Closed chrisdcosta closed 1 year ago
To solve your problem, you can use the code_substitutes
field in your chain spec. You will need to use the same commit that you used to create the current wasm file that is on chain. Then you only modify the code to remove the call to random_seed
. The resulting wasm file you have to put into your chain spec as code substitute. The block number can be some recent one. Then you will need to go to the council and ask for force overwriting your validation code to the exact same file that you also have put into your chain spec. After this happened on the relay chain, you can send your upgrade call.
@bkchr Thanks.
We have staging on Rococo, so I presume we can do a pre-production test there as this is identical code to production?
Since the fix lasts only as long as the next spec_version
(which would change by normal upgrade) I suppose that we should not increment but instead use the current on-chain spec_version
when we create the new wasm code? Is that correct?
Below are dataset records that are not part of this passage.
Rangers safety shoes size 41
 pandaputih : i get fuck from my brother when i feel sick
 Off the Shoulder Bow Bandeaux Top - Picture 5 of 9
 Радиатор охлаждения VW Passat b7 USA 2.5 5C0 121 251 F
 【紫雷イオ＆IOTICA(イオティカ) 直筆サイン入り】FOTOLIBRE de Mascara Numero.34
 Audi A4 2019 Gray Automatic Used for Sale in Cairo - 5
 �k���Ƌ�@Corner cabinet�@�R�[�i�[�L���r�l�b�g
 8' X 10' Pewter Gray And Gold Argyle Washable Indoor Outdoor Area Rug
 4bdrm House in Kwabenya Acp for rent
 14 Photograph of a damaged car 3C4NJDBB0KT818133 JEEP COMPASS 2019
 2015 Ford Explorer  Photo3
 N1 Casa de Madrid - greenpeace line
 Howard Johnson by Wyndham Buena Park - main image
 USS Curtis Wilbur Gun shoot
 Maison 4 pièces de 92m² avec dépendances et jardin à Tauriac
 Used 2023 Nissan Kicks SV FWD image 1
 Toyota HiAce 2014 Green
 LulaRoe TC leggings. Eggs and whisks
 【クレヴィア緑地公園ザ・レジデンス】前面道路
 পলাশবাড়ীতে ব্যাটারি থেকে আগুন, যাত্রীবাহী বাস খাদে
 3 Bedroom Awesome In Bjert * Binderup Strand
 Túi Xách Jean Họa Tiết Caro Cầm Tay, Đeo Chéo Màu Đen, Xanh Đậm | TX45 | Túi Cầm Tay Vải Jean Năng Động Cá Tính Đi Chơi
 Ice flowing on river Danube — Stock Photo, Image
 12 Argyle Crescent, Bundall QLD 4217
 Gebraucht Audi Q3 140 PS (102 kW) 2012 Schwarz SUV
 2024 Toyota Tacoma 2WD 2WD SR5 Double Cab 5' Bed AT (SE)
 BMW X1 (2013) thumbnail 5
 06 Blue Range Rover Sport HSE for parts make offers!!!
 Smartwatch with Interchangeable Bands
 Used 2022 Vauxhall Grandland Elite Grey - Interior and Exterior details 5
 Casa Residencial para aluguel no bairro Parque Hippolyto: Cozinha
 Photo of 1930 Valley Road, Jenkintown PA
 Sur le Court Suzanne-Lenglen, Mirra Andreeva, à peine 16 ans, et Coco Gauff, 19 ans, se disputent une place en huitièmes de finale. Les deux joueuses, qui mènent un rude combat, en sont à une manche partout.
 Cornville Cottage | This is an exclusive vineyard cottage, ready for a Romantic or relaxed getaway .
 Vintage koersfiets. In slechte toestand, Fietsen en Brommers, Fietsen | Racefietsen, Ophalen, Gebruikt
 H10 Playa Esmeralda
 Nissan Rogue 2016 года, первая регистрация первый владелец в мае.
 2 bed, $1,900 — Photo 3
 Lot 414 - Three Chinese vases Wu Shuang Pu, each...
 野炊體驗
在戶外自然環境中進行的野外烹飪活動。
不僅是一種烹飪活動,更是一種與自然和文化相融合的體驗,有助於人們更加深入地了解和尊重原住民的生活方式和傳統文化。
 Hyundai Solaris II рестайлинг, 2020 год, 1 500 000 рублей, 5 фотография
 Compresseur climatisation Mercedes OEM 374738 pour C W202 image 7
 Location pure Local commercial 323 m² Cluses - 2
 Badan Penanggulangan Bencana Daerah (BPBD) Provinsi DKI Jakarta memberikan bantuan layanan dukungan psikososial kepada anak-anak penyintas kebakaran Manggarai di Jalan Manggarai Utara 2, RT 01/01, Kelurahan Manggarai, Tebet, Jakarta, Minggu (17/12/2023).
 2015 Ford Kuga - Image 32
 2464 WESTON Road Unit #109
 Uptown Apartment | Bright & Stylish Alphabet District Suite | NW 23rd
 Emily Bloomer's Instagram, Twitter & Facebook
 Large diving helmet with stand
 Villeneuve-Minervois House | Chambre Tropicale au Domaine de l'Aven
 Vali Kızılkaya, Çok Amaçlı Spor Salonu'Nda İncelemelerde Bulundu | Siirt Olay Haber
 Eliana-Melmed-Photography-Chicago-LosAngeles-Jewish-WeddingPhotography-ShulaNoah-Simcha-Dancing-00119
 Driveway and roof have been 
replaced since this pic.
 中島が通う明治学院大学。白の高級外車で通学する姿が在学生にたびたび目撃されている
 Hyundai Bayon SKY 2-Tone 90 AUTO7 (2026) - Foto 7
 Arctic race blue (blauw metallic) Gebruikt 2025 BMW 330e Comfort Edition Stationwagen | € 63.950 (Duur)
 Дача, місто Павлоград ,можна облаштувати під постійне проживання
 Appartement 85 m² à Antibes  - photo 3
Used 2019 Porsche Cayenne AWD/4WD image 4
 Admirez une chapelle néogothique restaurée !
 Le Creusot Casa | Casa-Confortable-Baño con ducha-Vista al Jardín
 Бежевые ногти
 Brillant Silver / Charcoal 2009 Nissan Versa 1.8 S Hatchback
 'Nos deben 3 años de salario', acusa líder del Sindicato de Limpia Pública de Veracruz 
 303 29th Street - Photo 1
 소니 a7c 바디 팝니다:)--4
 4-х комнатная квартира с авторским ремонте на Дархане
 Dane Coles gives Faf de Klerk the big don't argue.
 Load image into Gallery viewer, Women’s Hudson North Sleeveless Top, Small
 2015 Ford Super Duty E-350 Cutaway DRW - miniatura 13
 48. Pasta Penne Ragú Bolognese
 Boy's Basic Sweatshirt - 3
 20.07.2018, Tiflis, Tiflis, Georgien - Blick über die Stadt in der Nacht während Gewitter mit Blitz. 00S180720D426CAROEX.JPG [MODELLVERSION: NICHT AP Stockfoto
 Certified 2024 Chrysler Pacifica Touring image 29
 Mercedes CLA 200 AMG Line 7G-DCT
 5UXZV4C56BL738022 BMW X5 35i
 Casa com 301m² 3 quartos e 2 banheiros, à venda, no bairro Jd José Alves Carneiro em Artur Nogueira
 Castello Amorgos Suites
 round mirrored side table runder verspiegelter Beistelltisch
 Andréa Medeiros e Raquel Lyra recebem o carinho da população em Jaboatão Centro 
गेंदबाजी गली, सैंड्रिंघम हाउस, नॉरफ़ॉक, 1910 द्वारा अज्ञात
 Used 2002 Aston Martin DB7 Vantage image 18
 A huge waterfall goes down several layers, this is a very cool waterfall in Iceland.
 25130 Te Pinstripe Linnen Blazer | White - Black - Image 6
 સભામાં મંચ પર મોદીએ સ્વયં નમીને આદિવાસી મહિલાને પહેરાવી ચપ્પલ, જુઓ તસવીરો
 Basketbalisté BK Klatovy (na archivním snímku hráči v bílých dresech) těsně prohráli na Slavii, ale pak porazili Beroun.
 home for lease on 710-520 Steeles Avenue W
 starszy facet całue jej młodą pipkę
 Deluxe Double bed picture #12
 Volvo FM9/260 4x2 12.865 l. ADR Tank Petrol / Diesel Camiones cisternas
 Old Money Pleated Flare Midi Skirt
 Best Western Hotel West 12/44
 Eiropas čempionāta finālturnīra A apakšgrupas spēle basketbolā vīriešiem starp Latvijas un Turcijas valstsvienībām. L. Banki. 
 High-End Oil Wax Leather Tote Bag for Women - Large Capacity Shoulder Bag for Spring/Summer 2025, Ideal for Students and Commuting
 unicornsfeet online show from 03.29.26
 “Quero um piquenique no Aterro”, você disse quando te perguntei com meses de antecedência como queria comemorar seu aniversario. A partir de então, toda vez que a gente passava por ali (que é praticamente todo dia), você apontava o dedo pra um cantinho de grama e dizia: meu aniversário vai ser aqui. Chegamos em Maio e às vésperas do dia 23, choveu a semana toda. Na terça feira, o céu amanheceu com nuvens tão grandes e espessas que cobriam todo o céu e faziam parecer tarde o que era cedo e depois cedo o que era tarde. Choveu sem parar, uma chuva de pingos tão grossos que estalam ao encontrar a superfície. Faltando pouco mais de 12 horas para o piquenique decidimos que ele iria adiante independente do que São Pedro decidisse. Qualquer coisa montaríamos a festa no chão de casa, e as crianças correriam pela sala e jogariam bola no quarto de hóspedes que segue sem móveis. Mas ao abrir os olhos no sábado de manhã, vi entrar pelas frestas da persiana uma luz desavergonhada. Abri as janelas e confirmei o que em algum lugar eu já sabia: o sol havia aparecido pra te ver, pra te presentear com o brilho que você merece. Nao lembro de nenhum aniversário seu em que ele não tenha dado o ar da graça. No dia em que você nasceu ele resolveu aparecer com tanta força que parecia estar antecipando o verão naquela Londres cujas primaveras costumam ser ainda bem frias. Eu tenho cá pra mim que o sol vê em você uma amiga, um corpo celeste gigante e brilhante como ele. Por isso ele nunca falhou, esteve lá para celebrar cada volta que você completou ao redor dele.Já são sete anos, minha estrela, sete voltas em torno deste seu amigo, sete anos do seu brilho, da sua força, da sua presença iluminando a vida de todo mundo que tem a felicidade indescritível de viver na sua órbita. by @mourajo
increment but instead use the current on-chain
spec_version
when we create the new wasm code
If you speak about the one that you will put into the chain spec, then yes! The spec version in the code_substitute
should be the same as you currently use on chain.
Yes that is what I meant.
@bkchr one last question. We are running some nodes with docker, can we update them before using the new raw chainspec even though the force overwriting your validation code is not enacted yet? I suppose that makes no difference as the collators will only obey Polkadot? Or do we have to wait until the overwriting has been done?
That second option doesn't make any sense to me, but I thought I'd ask.
...and is the format like this?
"codeSubstitutes": {
"blocknumber": "0x52bc5376....."
}
Changes applied on this branch
for Lego (local rococo), and Kapex (Polkadot).
@bkchr one last question. We are running some nodes with docker, can we update them before using the new raw chainspec even though the force overwriting your validation code is not enacted yet? I suppose that makes no difference as the collators will only obey Polkadot? Or do we have to wait until the overwriting has been done?
That second option doesn't make any sense to me, but I thought I'd ask.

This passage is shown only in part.